Cinsel istekte azalma çeşitli nedenlerle sonradan da ortaya çıkabilir. Bu nedenler arasında stres, eşle olan uyumsuzluk ve çatışmalar, cinsel şiddet ve cinsel travma, depresyon, anksiyete ve diğer psikiyatrik bozukluklar, çeşitli kronik hastalıklar, kan prolaktin seviyesini arttıran durumlar, kullanılan ilaçlar, alkol ve uyuşturucu madde kullanımı, menapoz, gebelik ve emzirme dönemleri, eşinde ya da kendisinde var olan başka cinsel işlev bozuklukları sayılabilir.
Partnere bağlı nedenler arasında ise partnere ilgi kaybı, aldatma veya aldatılma, zamanla ortaya çıkan ikili ilişkideki farklılıklar ve evlilik çatışmaları bulunmaktadır.
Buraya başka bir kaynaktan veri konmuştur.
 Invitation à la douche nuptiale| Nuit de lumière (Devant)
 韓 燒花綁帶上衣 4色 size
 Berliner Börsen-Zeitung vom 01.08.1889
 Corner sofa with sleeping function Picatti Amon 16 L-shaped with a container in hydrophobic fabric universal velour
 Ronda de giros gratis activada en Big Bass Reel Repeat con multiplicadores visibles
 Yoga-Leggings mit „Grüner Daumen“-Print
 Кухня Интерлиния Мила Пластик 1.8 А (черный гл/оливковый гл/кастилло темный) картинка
Ayrıca partnerin cinsel bilgi ve beceri eksikliği, cinsel yakınlaşma korkusu, çiftler arasındaki görüş farklılıkları, güç dengesizliği, pasif-agresif yaklaşımlar, aşk ve cinsel arzu duyguların bir araya getirilememesi de yer almaktadır.
Diğer taraftan hormonlar ile cinsel arzu ve davranış arasında da bir bağlantı vardır. Kadın cinsel hormonları emzirme, gebelik, menopoz gibi birçok durumdan etkilenmektedir. Yine, kadınların cinsel istekleri ile adet dönemi ortasındaki testosteron hormonu düzeyinin yükselmesi arasında bir ilişki vardır. Libidoyu sağlayan testosteron hormonu bu dönemde yükselerek kadınlarda adeta uyarıcı bir etki oluşturmaktadır.
Cinsel isteksizlik partnere bağlı olabilir veya genele karşı olabilir. Yine, belli bir döneme bağlı olabileceği gibi sürekli olabilir. Özellikle çocukluk çağında yaşanan cinsel travmalar sonrasında (taciz, ensest veya cinsel suistimal gibi) oluştuysa problem süreklidir ve tedavi daha zordur.
Cinsel isteksizlik yaşayan kadınlar cinsel ilişki sırasında yeterince uyarılamazlar. Buna bağlı genital organlara giden kan akımı da azalmıştır. Böylelikle cinsel ilişki sırasında penisin vajina içindeki mekanik uyarısına bağlı oluşan ıslanma azalmakta, kuruluk ortaya çıkmaktadır. Vajinal kuruluk cinsel ilişki sırasında ağrı ve orgazm olamama gibi şikâyetler oluşturmaktadır.
Batılı kaynaklarda %30-49 oranında bildirilmekteyken ülkemizde yapılan çalışmalarda %8-15 oranında bildirilmiştir. Bunun nedeni ülkemizde daha az görüldüğü için değil bu yakınmayla doktora başvuru pek olmadığı içindir.
Cinsel isteksizliğin tedavisi bireyin durumuna ve psikolojisine göre önemli değişiklikler gösterir. Çok yönlü bir yaklaşım zorunludur. Cinsel isteksizlik olguları genellikle düzenli bir cinsel terapiye gereksinim duyarlar. Terapileri genellikle zaman alır ve terapileri ancak bu alanda özelleşmiş terapistler tarafından yapılabilir.